From the first glimpse of the $103 million Natural History Museum of Utah in Salt Lake City, the metaphor is unambiguous: The 163,000-square-foot building is both literally and figuratively rooted in the landscape. The terraced structure is anchored into its sloping site at the edge of the University of Utah campus, a few miles from downtown, while the folded and subtly canted exterior walls mimic the scrubby hillside rising behind it. But even though the references to its environment are readily recognizable, the museum holds its own as man-made object against the rugged backdrop. It is an interpretation and abstraction of nature rather than a facsimile, explains Todd Schliemann, partner at New York–based Ennead Achitects (formerly Polshek Partnership), which designed the building in association with local firm, GSBS.

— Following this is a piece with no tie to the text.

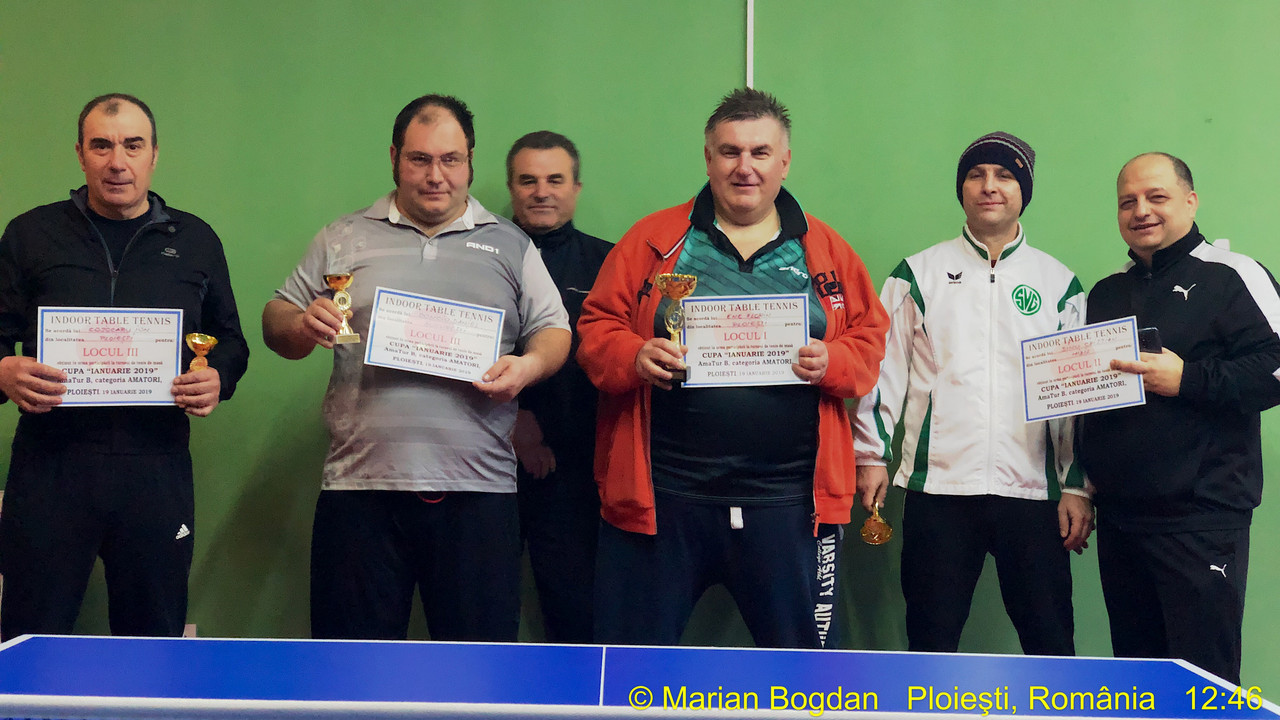 FFA6FEAE-FB96-41E0-9723-DB1935C8BB89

The museum, which opened in November, moved from a decaying, Depression-era building in the heart of the campus to its current 17-acre site—one that appears to be the threshold of unspoiled wilderness. But although the land had never been developed for a building, it was not pristine. In the early 1900s, it had been marred when soldiers from nearby Fort Douglas used it as a firing range. More recently, major utility lines were routed through the property, along with a trailhead for a mountain-biking and hiking path.
- Metal panels: Kennecott Utah Copper (copper cathode); Umicore (fabrication)
- Curtain wall: EFCO
- Glazing: Viracon
The designers have integrated this infrastructure with the site by realigning and redefining the trailhead with gabion walls whose rock was uncovered during foundation excavation, and by camouflaging the utilities with sculptural landforms. They configured the new building as a three-bar form that steps up with the terrain. Its structure, which combines concrete shear walls and steel framing, is organized into two wings—one that supports the museum's “empirical” activities, including research, conservation, and administration; and an “interpretive” wing that houses the exhibits, says Schliemann.

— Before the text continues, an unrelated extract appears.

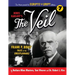 Boris Karloff's The Veil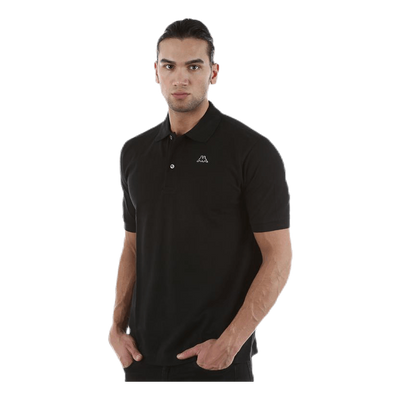 Aarau Black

The glue between the two programmatic halves, and the museum's centerpiece, is a 60-foot-tall lobby that doubles as a space for lectures and parties. It is enclosed by soft, gray board-formed concrete, warm, white-faceted drywall planes, and one glazed wall that offers sweeping views out over the city and across Salt Lake Valley. Even visitors who are unaware that this grand room has been dubbed the “canyon” will immediately understand that its form, like that of the building's exterior, has been inspired by the regional landscape. But the space can be appreciated without knowledge of its origins, since it elicits an immediate (and positive) emotional response. “We wanted an inspirational space that would be viscerally remembered,” says Schliemann. “It's a cathedral with a view.”

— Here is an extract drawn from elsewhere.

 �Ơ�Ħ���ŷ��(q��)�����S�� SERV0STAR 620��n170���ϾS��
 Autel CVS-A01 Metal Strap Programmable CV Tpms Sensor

The simile of architecture-as-geological-formation extends to the building's exterior envelope, where horizontal standing-seam copper—mined on the opposite side of the valley and donated by the mine's parent company—covers the angular walls above the a poured-in-place concrete base. The cladding, made of three different alloys, takes on a varied patina, creating an effect similar to the striations of exposed rock cliffs. Although this skin is now different shades of brown with hints of green, its colors will continue to evolve, much like the landscape around the building where Gambel oaks, two types of maples, native sumac, and an understory of several varieties of brush, have been planted. In the autumn the foliage will turn nutty brown, vibrant orange, and red.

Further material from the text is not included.